## COLLECTED MATERIAL
BEGIN
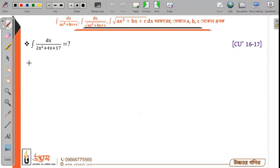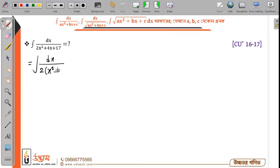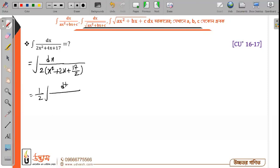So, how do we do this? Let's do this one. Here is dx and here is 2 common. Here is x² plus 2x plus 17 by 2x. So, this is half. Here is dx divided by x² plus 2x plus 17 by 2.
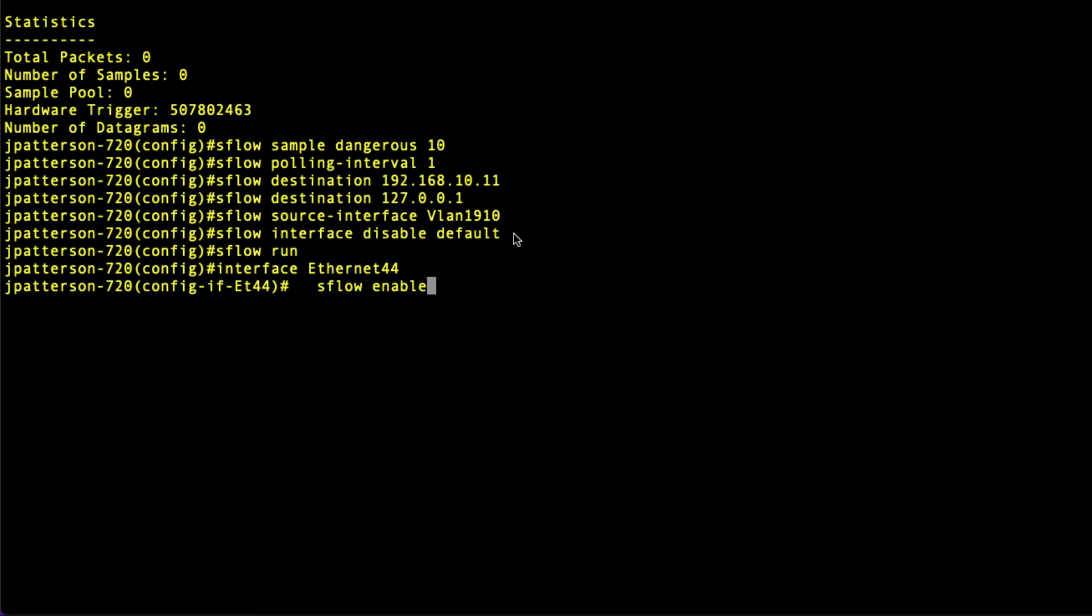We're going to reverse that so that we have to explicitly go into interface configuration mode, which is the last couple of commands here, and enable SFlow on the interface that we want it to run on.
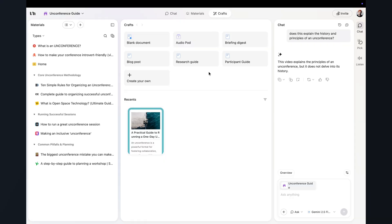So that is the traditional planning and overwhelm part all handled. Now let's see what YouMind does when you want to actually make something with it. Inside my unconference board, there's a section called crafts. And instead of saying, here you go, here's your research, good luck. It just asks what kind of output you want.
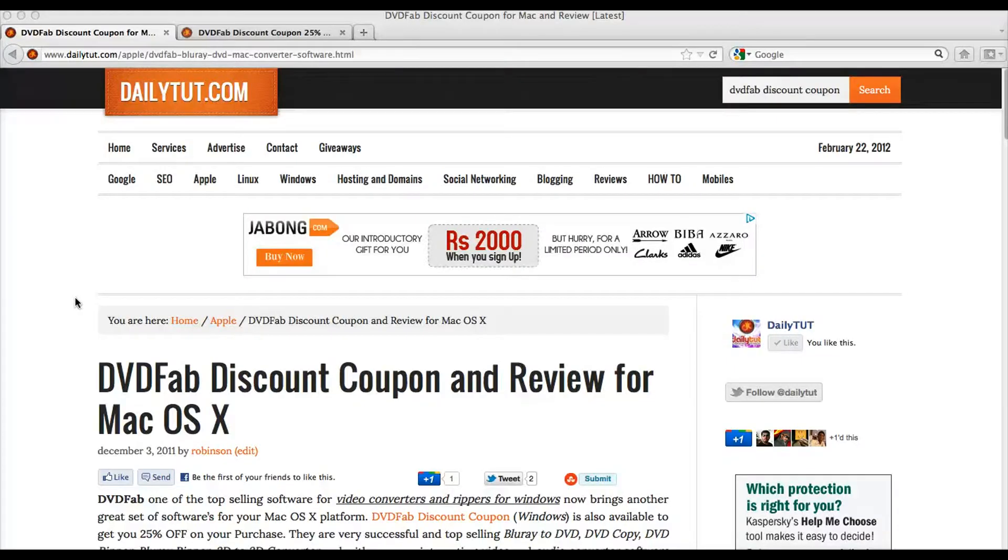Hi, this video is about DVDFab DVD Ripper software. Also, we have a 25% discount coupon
END
Write out exactly the lines between the start of the data and the line with "We're going to", including both, but none of the pictures.

So, how do we do this? Let's do this one. Here is dx and here is 2 common. Here is x² plus 2x plus 17 by 2x. So, this is half. Here is dx divided by x² plus 2x plus 17 by 2.
We're going to reverse that so that we have to explicitly go into interface configuration mode, which is the last couple of commands here, and enable SFlow on the interface that we want it to run on.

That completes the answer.